天天看点

python 配合正则表达式爬取网站日历信息

import time
import requests as rq
import re
def local():
    strtime=time.strftime('%Y-%m-%d %H:%M:%S',time.localtime())
    return strtime  
html=rq.get("https://wannianrili.51240.com")
# print(html.text)
q=r'<span class="wnrl_td_gl">(\d\d)</span>'
day=re.findall(q,html.text)
p=r'<div class="wnrl_k_you_id_wnrl_nongli">(.+?)</div>'
nongli=re.findall(p,html.text)
o=r'<span class="wnrl_xuanze_top_wenzi">\d\d\d\d.\d(\d.)?</span>'
month=re.findall(o,html.text)
s=r'<span class=(?:"wnrl_td_bzl wnrl_td_bzl_hong"|"wnrl_td_bzl"|"wnrl_td_bzl wnrl_td_bzl_lv")>(.+?)</span>'
jieri=re.findall(s,html.text)
text=""
for i in range(len(day)):
        text=text+month[0]+day[i]+"号"+"   "+nongli[i]+"  "+jieri[i]+"\n"
print(text)
reobject1=re.compile(r"\d\d\d\d月\d\d月\d\d日 详细信息")
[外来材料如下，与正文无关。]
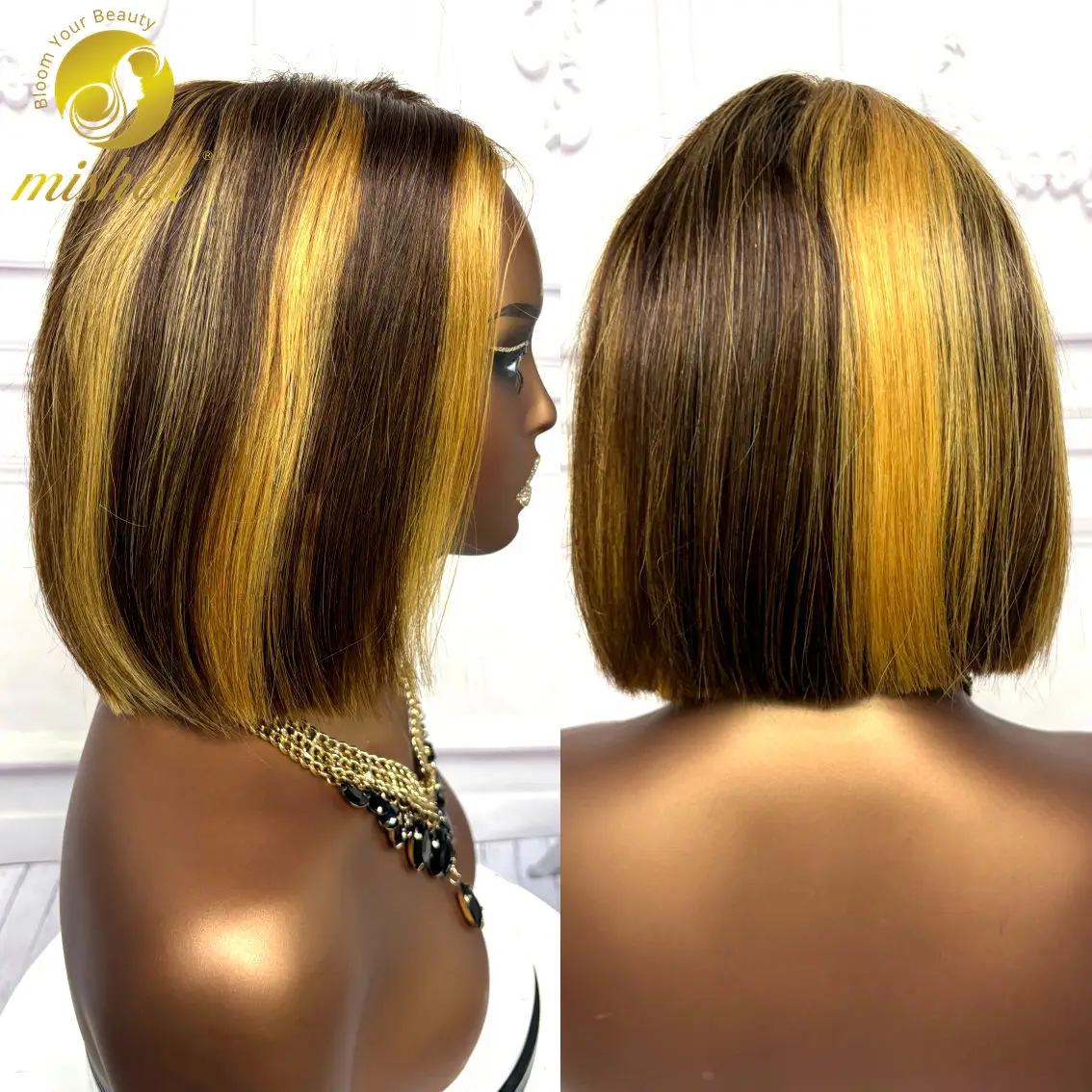 8in-short-straight-bob-wig-100-human-hair-wigs-2x6-transparent-colored-preplucked-pre-cut-lace-closure-wigs-for-black-women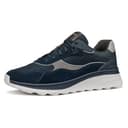 Geox U SPHERICA ACTIF X1 - Scarpe da Ginnastica Uomo, Navy, - 7
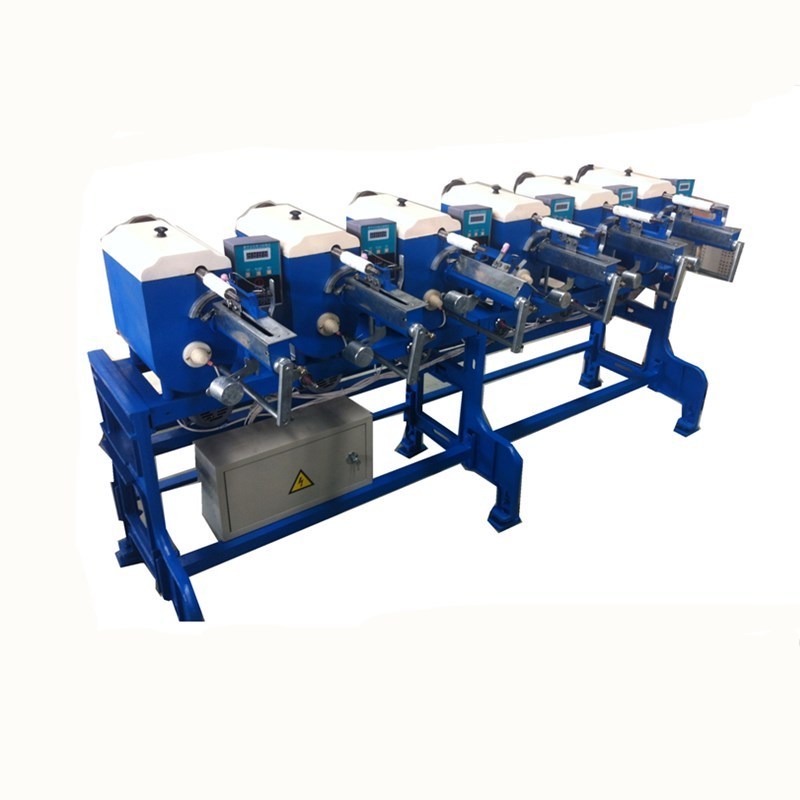 spool winder machine/spooling winding machine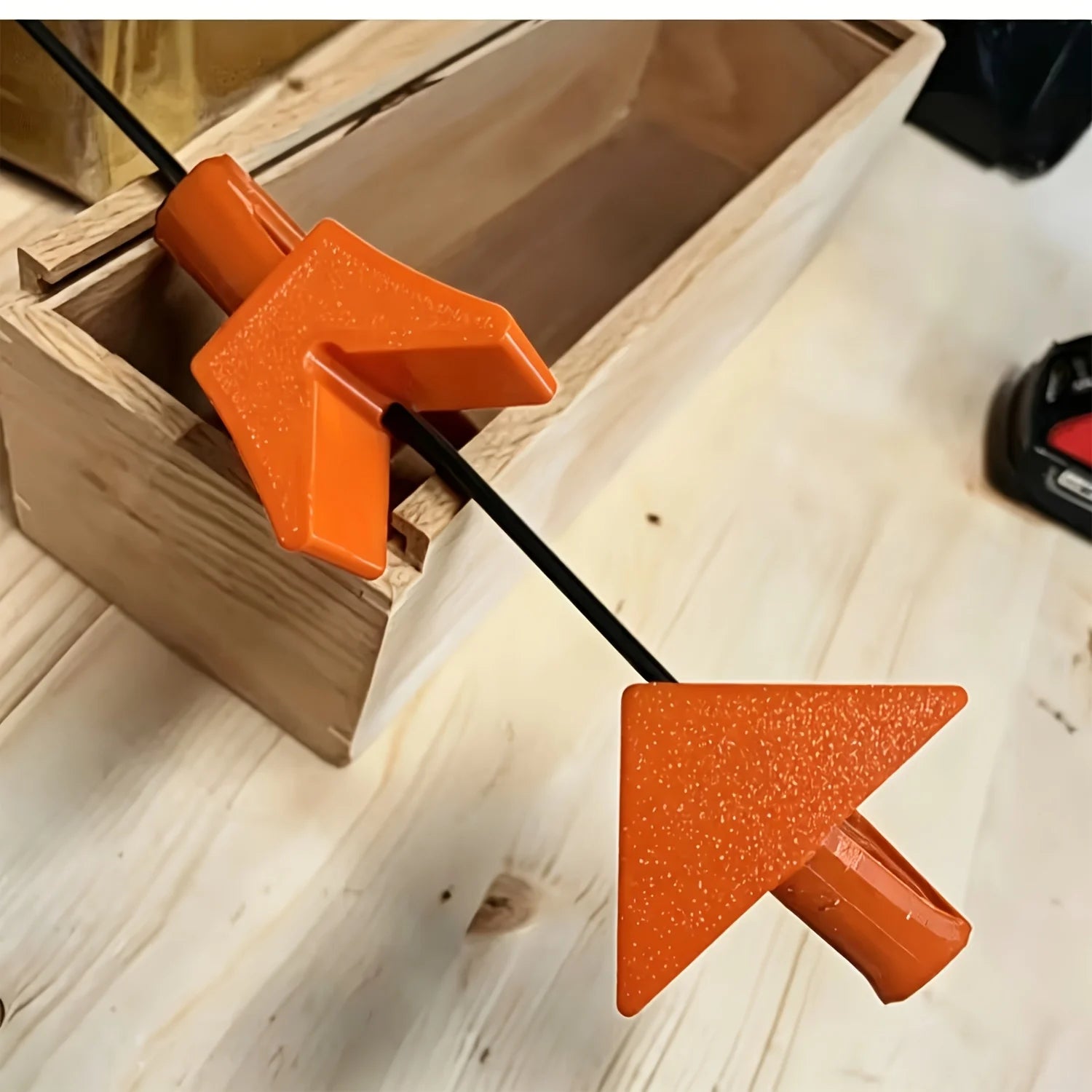 2pcs new angle clamp adapter, woodworking fixture, can provide angle clamping for carpenters and projects. Qme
reobject2=re.compile(r'<span class="wnrl_k_xia_nr_wnrl_beizhu_biaoti">(.+?)</span>')
reobject3=re.compile(r'<span class="wnrl_k_xia_nr_wnrl_beizhu_neirong">(.+?)</span>')
cishu=int(local()[8:10])-1
biaoti=re.findall(reobject1,html.text)[int(local()[8:10])-1]
zbiaoti=re.findall(reobject2,html.text)[16*cishu:16*cishu+16]
content=re.findall(reobject3,html.text)[16*cishu:16*cishu+16]
count=0
print(content)
def pdjs(x):
    if x%2==0:
        return False
    else:
        return True
    
info=""
for i in range(16):
    count+=1
    info=info+zbiaoti[i]+":"+content[i]
    if pdjs(count):
        info=info+"      "
    else:
        info=info+"\n"
print(biaoti+":\n"+info)